Green explained the school system’s protocol for dealing with absences. Two unexcused absences result in a phone call to the parent/guardian; three result in a notification letter sent to the parent/guardian reminding them of the possible penalties/consequences of absences, as well as explaining attendance expectations.

Five unexcused absences result in the parent/guardian meeting with the Attendance Support Team to identify and implement strategies to deter continued absenteeism. At this point, the case is referred to a school social worker who contacts the parent/guardian or makes a home visit to remind them of the possible penalties/consequences of the misdemeanor violation. Six unexcused absences result in the truancy complaint being completed by the school counselor or designee and forwarded to the truancy officer by the attendance officer.

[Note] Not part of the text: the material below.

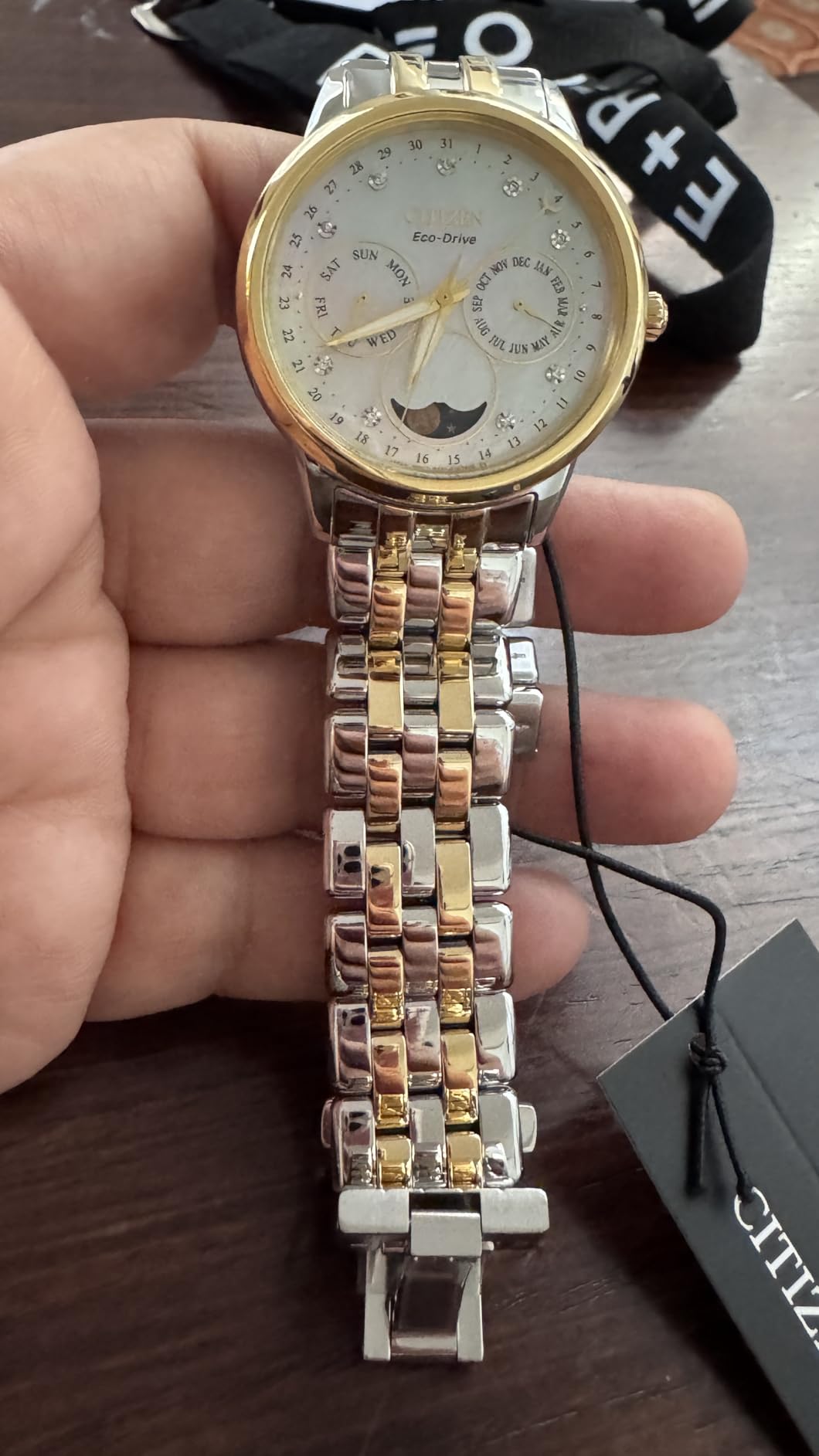 Citizen Women's Eco-Drive Calendrier, Moon Phase Diamond Accents Dial, Stainless Case and Bracelet Watch, Month/Day/Date customer photo 1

After seven unexcused absences, a notification letter is sent to the parent/guardian, again reminding them of the possible penalties/consequences and explanation of attendance exceptions.

Even after this exhaustive process, some parents/guardians still do not comply.

When the problem reaches 10 unexcused absences, a criminal warrant is filed with the Magistrate Court for violation of Georgia’s Compulsory Attendance Law. A subpoena is delivered, and if the parent/guardian doesn’t show up for court, a warrant is served. Green said they are actually handcuffed and taken to jail, where they are required to either post a bond or remain in jail until a hearing before the court. Green commented that most of the truancy problems are in the lower grades.

“Students in pre-K, kindergarten, first and second grades are the cases going to court now,” he said, adding that there are a few from the middle grades as well.

Green said the majority of these cases involve parents who do not work, and said the majority of the student offenders are from single-parent households.

“It’s very rare for me to ever have to take a husband and wife to court,” he said.

Choates praised Green for the “outstanding job” he’s done, and stresses that the system is redoubling its efforts.

“He’s [Green] been hitting it harder than I’ve seen since I’ve been here [three years]. This is going to be the norm. We’re going to start at the beginning of the year, and we’re not going to let it slip. We’re dead serious about it.”

After the magistrate court is finished with the parent/guardian offenders, Green takes the case files over to the District Attorney’s Office and the cases go to state court. He said some of the offenders have been to court two or three times.

After 10 consecutive days of truancy, the school system has the right to withdraw the student from school.That action requires a meeting with the principal and the parents who will have to sign an attendance contract and share their plan to correct the issue.

If not, the student can no longer attend the school system. They will have to find another school, because in Georgia, school attendance it compulsory until age 16.

Choates hopes this is the last year they will have these problems in the school system.